Il 25 aprile di quest’anno, festa della Liberazione dal regime nazifascista, ha un significato in più, nel 150° anniversario dell’Unità d’Italia. Furono proprio gli anni tra il ’43 e il ’45 quelli in cui – per l’ultima volta – il nostro Paese fu diviso ed occupato da un esercito straniero. E dunque chi combattè quel regime lo fece anche per ridare unità al nostro Paese: basti pensare ai simboli ed agli ideali risorgimentali che caratterizzavano le brigate partigiane.
Il prossimo 25 aprile, festeggiare e ricordare la Liberazione rappresenta una ulteriore occasione per riflettere sulla nostra storia recente e ritrovarci nello spirito e nei valori costitutivi della nostra Repubblica. Mi auguro che lo spirito identitario emerso in modo diffuso in occasione delle celebrazioni per i 150 anni dell’unità sia quello che caratterizzi anche il 66° anniversario della Liberazione. Mi auguro anche che non ci sia alcuna esitazione nel riconoscere i meriti straordinari e la piena riconoscenza ai partigiani, alla lotta di liberazione e al sacrificio di tanti combattenti.
La libertà da loro conquistata e l’unità che ne è derivata sono valore fondante per l’Italia e per il popolo italiano, e anche l’esempio migliore della capacità che questo paese sa esprimere nell’affrontare i peggiori momenti della storia.

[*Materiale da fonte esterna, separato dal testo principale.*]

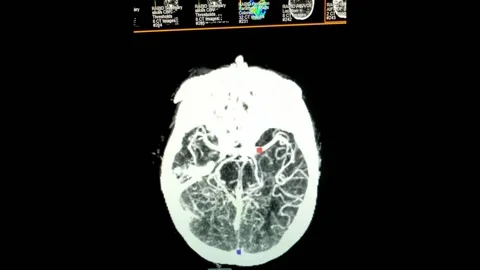 Flashing Brain Perfusion Imaging Scan in Black, White Stock Footage 158900610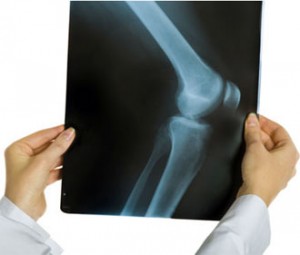 Артроз коленного сустава: симптомы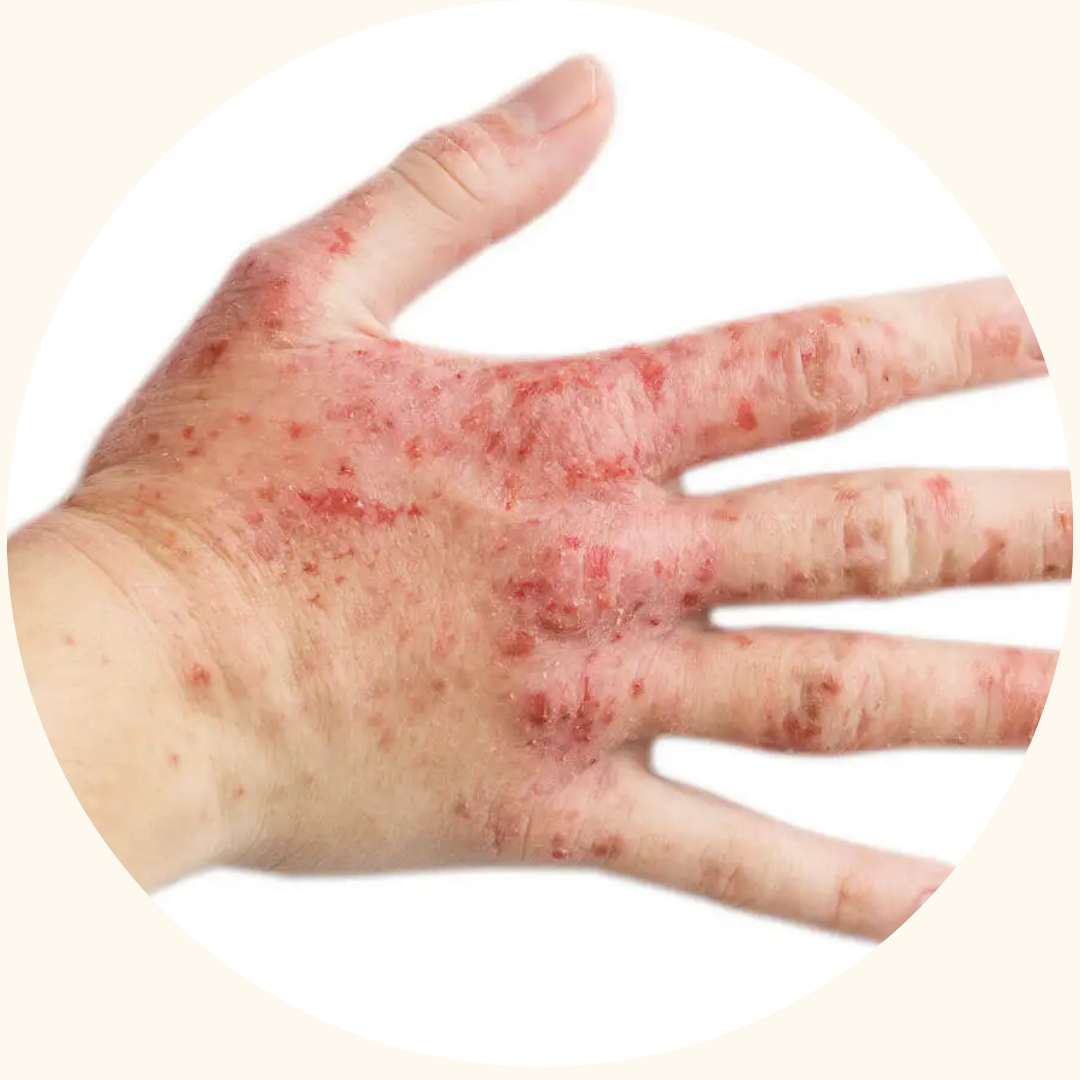 Psoriasis symptom example 13
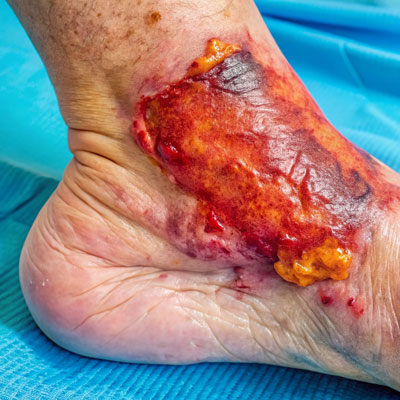 chronic non healing wounds
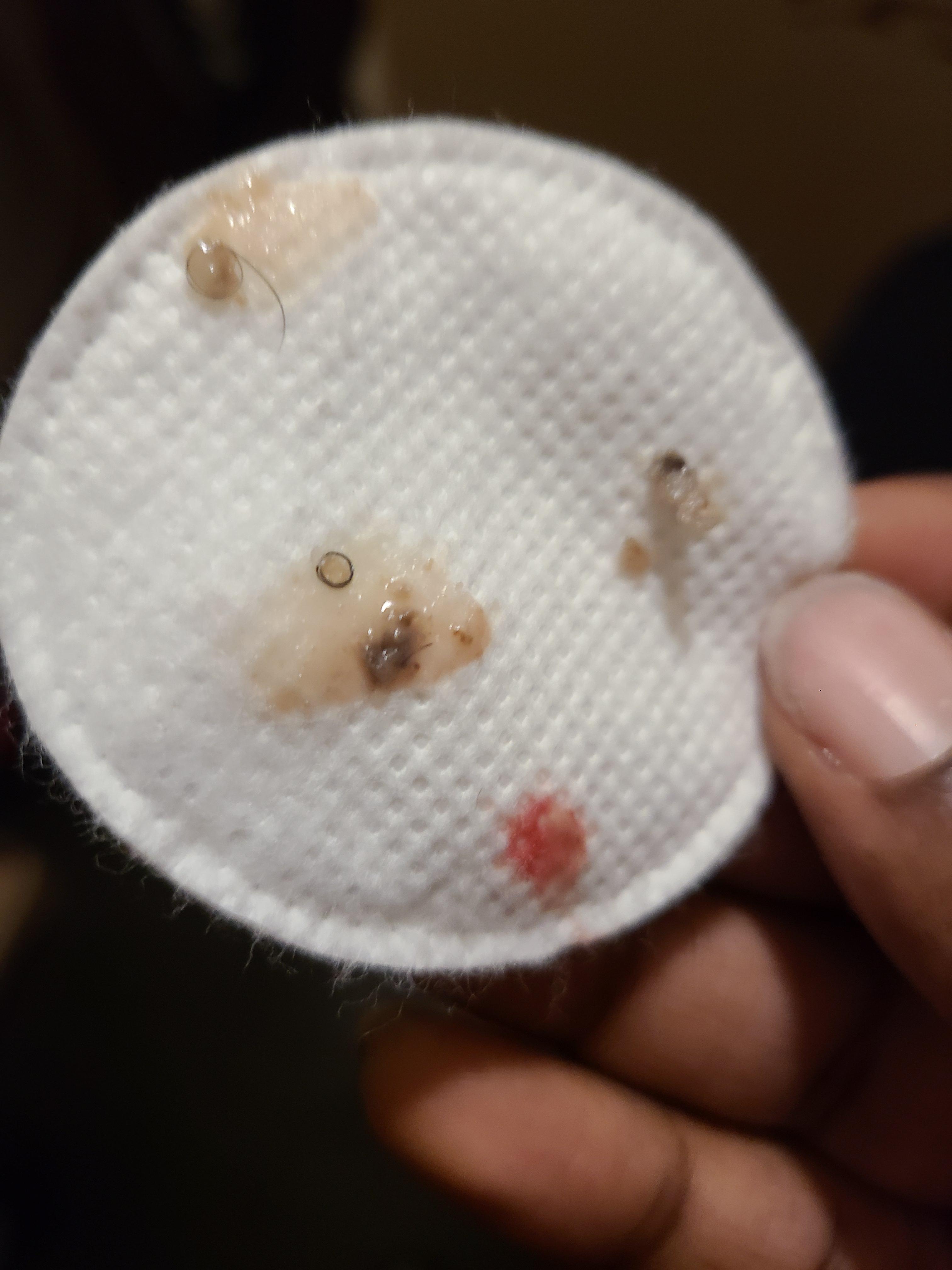 contents of a boil on my inner thigh that turned out to be an ingrown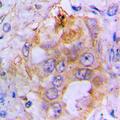 BMP3 Antibody - Immunohistochemical analysis of BMP3 staining in human lung cancer formalin fixed paraffin embedded tissue section. The section was pre-treated using heat mediated antigen retrieval with sodium citrate buffer (pH 6.0). The section was then incubated with the antibody at room temperature and detected using an HRP conjugated compact polymer system. DAB was used as the chromogen. The section was then counterstained with hematoxylin and mounted with DPX.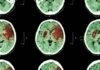 AVC quase dobrou entre adultos de 20 a 54 anos em três décadas, e os cientistas ainda não sabem explicar por quê AVC quase dobrou entre adultos de 20 a 54 anos em três décadas, e os cientistas ainda não sabem explicar por quê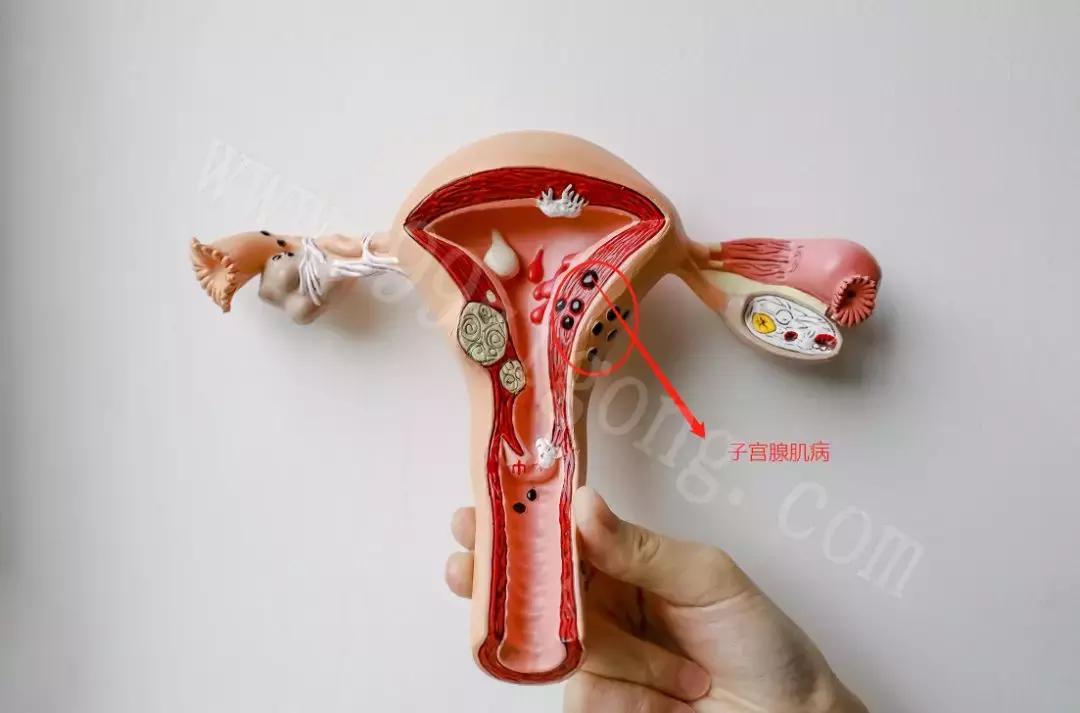 海扶刀®能够治疗子宫腺肌病吗？效果怎么样？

Oggi, proprio alla vigilia del 25 aprile, a qualcuno che in parlamento siede negli scranni del centro destra viene in mente una modifica dell’articolo 1 della carta Costituzionale. Costoro, che vorrebbero stravolgere l’assetto democratico della nostra Repubblica, fanno finta di non sapere che l’articolo 1 porta con sé un comma che chiaramente precisa: “La sovranità appartiene al popolo che la esercita nelle forme e nei limiti della Costituzione”. Il “testamento di centomila morti” – come lo ha definito Calamandrei – è la nostra Costituzione, un’idea di Stato che è convivenza, solidarietà, diritti, che nell’equilibrio dei poteri trova la modalità piena per garantire libertà ai cittadini.
Se sapremo ritrovarci in questo spirito, ognuno con le proprie responsabilità, sapremo affrontare anche l’attuale condizione di emergenza e isolare i personalismi di coloro che non hanno ne storia ne amore per il bene comune.